About this task> Nothing but the lines from the one with "Billede 1 - Cane-Line" down to the one with "2022 FORD TRANSIT-350" should be returned, exactly and with both ends included, from the material below.

Provided entries>
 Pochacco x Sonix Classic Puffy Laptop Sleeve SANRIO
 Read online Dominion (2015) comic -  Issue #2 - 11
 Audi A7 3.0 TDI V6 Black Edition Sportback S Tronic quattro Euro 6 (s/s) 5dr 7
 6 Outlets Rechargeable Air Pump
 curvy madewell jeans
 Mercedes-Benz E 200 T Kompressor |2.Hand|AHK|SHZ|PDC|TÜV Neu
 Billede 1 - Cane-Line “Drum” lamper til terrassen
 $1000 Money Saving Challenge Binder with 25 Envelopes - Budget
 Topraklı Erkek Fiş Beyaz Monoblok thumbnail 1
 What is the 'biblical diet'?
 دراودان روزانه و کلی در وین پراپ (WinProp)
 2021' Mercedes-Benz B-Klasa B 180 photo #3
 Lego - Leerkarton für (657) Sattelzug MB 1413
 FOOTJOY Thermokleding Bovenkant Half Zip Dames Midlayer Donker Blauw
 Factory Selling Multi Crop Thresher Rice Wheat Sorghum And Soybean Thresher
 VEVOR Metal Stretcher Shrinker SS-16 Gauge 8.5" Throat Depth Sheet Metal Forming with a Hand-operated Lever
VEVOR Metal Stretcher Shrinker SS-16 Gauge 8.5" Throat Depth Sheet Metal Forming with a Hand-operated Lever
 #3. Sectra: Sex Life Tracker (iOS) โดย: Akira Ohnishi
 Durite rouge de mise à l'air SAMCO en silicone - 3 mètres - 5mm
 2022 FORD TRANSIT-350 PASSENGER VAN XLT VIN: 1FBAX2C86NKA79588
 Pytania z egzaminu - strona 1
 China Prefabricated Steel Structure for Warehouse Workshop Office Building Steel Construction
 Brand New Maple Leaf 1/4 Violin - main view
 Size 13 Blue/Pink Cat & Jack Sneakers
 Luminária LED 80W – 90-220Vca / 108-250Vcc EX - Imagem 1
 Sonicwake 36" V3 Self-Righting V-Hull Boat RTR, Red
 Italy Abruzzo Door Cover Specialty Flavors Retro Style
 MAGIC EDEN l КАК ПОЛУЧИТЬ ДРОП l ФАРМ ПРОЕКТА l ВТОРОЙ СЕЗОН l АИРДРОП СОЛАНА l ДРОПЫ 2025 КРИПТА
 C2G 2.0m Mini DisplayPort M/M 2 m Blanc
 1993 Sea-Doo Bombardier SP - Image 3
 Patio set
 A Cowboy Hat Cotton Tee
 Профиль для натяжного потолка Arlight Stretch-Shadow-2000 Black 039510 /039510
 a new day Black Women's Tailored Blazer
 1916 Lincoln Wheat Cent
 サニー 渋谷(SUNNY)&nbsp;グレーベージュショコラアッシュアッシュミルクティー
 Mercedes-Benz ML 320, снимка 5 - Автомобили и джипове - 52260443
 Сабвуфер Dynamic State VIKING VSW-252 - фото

Exercise solution>
 Billede 1 - Cane-Line “Drum” lamper til terrassen
 $1000 Money Saving Challenge Binder with 25 Envelopes - Budget
 Topraklı Erkek Fiş Beyaz Monoblok thumbnail 1
 What is the 'biblical diet'?
 دراودان روزانه و کلی در وین پراپ (WinProp)
 2021' Mercedes-Benz B-Klasa B 180 photo #3
 Lego - Leerkarton für (657) Sattelzug MB 1413
 FOOTJOY Thermokleding Bovenkant Half Zip Dames Midlayer Donker Blauw
 Factory Selling Multi Crop Thresher Rice Wheat Sorghum And Soybean Thresher
 VEVOR Metal Stretcher Shrinker SS-16 Gauge 8.5" Throat Depth Sheet Metal Forming with a Hand-operated Lever
VEVOR Metal Stretcher Shrinker SS-16 Gauge 8.5" Throat Depth Sheet Metal Forming with a Hand-operated Lever
 #3. Sectra: Sex Life Tracker (iOS) โดย: Akira Ohnishi
 Durite rouge de mise à l'air SAMCO en silicone - 3 mètres - 5mm
 2022 FORD TRANSIT-350 PASSENGER VAN XLT VIN: 1FBAX2C86NKA79588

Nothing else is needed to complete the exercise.